But here’s the thing. Hell is inside of you. Your evil desires. Your lusts. Your pride. Your rage. The idols you worship. All the great evil of which you are capable.
Hell.
Inside.
You. (Oh man, I just Rob Belled you again! BAM!)
But there’s good news here, too. By faith in Christ, heaven, in the person of the Holy Spirit, is also within you. Heaven is inside you. The Holy Spirit is at the core of your being. Destroying your idols. Changing your desires. Growing your character. Humbling you.
Heaven.
God.
Inside you. (I can’t believe you just let me Rob Bell you for a third time.)
This is the tension of who we are. In our sinful nature, we are bringers of hell-on-earth. In the power of the Holy Spirit and through faith in Christ, we are bringers of heaven-on-earth, heralds of the new King, Jesus Christ. Heaven and hell are within you. In your body. On this earth.
You.
Here.
Where heaven, earth, and hell meet. (pwned! I Rob Belled you four times in this post. Four!)
You
Didn’t
Put
Enough
Space
Between
the
lines
good stuff, andy.
good
stuff.
It’s a good thing I stopped reading after the fifth paragraph. Who knows how many more times I could have been Rob Belled by you. Fool me once, shame on you. Fool me twice… well… we won’t be fooled again.
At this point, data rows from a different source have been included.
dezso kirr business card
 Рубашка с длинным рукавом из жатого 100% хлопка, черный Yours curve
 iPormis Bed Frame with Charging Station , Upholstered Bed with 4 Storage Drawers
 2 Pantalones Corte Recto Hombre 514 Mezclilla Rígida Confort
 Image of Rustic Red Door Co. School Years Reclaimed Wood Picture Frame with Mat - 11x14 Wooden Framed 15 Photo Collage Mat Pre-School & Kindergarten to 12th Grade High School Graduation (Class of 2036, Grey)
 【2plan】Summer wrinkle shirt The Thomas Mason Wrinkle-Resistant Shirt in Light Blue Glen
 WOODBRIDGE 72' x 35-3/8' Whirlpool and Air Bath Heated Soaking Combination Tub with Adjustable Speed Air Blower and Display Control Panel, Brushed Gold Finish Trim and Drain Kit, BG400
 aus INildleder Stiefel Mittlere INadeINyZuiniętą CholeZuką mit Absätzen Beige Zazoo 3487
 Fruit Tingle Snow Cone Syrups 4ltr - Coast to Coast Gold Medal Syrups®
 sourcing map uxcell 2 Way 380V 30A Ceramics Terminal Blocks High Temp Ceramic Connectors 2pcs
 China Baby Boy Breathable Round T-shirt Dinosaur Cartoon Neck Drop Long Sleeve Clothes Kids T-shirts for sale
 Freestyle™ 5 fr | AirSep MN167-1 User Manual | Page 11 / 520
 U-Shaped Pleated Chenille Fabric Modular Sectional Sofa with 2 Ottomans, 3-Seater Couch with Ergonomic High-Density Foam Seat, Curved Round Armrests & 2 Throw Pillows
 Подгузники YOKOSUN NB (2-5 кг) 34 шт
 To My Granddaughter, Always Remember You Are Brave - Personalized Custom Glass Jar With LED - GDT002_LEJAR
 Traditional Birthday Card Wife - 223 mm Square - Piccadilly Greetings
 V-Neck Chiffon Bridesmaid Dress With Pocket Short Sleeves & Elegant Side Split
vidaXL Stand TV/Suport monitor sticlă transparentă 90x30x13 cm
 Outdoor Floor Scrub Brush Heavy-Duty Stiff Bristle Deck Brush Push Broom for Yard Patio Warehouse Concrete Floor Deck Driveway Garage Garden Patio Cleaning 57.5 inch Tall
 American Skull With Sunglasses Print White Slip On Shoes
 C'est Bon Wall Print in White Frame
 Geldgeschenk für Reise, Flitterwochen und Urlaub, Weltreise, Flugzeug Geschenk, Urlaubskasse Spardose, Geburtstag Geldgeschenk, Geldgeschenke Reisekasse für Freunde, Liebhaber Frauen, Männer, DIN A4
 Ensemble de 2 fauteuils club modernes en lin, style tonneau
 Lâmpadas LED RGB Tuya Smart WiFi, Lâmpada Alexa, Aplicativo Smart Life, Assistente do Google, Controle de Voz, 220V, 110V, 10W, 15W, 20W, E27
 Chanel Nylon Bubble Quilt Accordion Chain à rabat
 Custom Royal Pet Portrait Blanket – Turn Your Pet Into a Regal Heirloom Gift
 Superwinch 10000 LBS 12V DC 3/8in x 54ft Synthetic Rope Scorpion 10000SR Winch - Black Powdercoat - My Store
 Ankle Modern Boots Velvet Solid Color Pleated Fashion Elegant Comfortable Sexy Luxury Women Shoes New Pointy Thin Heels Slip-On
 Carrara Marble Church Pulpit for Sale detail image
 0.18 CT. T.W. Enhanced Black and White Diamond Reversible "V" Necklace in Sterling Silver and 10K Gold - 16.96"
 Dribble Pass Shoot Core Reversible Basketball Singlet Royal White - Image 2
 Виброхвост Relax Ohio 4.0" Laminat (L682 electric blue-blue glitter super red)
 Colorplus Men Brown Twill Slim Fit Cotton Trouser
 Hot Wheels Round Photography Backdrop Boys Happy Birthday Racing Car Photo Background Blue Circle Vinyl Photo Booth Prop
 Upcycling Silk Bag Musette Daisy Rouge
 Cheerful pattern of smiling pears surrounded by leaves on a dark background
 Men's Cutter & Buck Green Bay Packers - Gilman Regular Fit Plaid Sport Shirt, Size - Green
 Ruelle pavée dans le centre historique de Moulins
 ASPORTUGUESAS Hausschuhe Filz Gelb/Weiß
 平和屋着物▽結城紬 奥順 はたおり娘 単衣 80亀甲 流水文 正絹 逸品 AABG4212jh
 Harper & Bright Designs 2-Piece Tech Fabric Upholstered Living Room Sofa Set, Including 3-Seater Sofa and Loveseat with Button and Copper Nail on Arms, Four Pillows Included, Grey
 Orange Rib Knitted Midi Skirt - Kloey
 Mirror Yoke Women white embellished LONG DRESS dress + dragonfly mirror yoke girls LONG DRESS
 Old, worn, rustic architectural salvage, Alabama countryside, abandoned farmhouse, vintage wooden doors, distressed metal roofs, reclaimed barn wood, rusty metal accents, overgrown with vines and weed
i agree with your comment about bell’s poor exegesis. it is. i even wondered if he wrote the book. i’ve heard he preach before, many times and always seemed to have a decent understanding and command of scripture. but did the publisher change his references or did he just through them in assuming no one would actually read the bible. or just be okay with taking his new book as the new scripture? see the references in chapter 1 and 2. i didn’t realize Paul was on the road to Damascus in Acts 22.
rob is able to develop his own theology not based on scripture. kudos rob.
Did you know that the original Greek word for light is “photas?” The hearers in Jesus’ day would have known the “Light” came into the world, in the same way a digital camera takes picture after picture, immediately seen. So Jesus wants us to have things immediately and is pleased to offer us better and faster cell phones and computers. After all, everything is measured by the speed of light. (You just got Rob Belled).